«Максим! Опечалены мы, что тебя ранило. Но мы надеемся, что скоро поправишься и будешь опять с нами. Сообщаем новость: твой друг Николай Медведев возвратился в нашу роту. В Новгороде его вынес санитар соседней дивизии. Лечился в госпитале. Теперь он с нами. Сидит в нашем блиндаже и пьет чай. Еще раз повторяем: поправляйся скорей и возвращайся в роту. На переднем крае без перемен. Стреляют немцы, стреляем и мы. Ждем весну. Ждем наступления. Ждем и тебя».

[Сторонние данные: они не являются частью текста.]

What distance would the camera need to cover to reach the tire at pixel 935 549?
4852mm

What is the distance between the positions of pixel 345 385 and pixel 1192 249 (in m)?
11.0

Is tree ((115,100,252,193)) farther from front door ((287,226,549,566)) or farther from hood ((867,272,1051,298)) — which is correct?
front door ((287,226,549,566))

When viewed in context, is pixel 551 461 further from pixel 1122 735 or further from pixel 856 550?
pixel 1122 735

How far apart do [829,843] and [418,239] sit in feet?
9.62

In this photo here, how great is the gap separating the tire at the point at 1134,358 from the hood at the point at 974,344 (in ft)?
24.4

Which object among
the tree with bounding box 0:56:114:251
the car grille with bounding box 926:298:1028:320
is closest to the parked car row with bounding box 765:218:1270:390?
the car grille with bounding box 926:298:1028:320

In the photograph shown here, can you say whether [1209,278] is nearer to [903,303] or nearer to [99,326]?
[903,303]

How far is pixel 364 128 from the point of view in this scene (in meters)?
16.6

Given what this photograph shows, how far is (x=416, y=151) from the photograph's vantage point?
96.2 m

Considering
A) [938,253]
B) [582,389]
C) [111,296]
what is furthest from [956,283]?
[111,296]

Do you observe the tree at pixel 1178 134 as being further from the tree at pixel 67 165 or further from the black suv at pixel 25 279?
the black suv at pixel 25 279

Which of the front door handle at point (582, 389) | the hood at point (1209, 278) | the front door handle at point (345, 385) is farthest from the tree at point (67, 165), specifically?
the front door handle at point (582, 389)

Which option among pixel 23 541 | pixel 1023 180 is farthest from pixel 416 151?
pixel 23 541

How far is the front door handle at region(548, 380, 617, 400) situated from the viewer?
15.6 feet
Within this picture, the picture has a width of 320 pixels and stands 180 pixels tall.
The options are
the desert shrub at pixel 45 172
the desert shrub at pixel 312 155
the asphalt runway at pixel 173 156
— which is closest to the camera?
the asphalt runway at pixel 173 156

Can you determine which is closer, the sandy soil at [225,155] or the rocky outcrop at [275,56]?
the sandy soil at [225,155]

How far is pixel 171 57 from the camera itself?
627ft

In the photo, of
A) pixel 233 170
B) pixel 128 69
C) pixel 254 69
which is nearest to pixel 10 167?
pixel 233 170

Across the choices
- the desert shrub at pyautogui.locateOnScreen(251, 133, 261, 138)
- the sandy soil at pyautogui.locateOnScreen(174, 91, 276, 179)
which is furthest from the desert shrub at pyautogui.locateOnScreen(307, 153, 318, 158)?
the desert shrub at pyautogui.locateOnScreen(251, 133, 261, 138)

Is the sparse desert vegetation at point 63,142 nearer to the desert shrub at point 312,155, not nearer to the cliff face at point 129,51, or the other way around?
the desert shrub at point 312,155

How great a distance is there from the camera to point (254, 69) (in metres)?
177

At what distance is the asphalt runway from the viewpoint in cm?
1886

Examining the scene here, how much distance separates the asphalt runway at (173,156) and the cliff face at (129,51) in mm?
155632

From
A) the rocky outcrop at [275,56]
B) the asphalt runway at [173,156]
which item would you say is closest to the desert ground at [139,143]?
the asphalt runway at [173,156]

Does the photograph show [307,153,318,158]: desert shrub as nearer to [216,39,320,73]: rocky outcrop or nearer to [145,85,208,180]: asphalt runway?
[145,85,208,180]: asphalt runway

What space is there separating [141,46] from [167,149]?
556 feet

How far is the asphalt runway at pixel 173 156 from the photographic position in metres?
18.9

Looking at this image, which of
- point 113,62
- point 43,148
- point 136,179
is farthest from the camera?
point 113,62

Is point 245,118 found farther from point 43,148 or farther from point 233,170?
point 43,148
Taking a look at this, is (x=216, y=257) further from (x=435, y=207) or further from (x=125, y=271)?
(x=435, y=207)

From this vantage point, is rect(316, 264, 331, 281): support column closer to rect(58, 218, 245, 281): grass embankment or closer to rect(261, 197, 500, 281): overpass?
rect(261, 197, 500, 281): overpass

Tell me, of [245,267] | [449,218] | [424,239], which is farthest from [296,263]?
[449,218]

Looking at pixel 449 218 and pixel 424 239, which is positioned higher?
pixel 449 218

Далее следуют все наши подписи.

Поручение своих друзей — передать письмо в руки Максиму — я не сумел выполнить. Я был в медсанбате на другой же день, но Афанасьева не застал: его эвакуировали во фронтовой госпиталь. Узнал номер полевой почты этого госпиталя, переадресовал письмо и направил его вслед за Максимом.

Жизненное пространство

Еще вчера здесь было огромное снежное поле с редким кустарником. Весело шумел на ветру можжевельник, качались тонкие молодые осинки. На солнце радужно искрился сухой снег, не тронутый ни единой пылинкой. В осиннике и в кустах можжевельника хлопотали красногрудые снегири. По снежному насту можно было читать, как по книге: вот тут пробежал заяц, у молодой осинки остановился, содрал желтыми зубами кору дерева и потрусил дальше. За ним осторожно кралась лисица. Она то приседала, то ложилась на живот, распластав по снегу огненный хвост. А вот здесь ночевали под снегом глухари.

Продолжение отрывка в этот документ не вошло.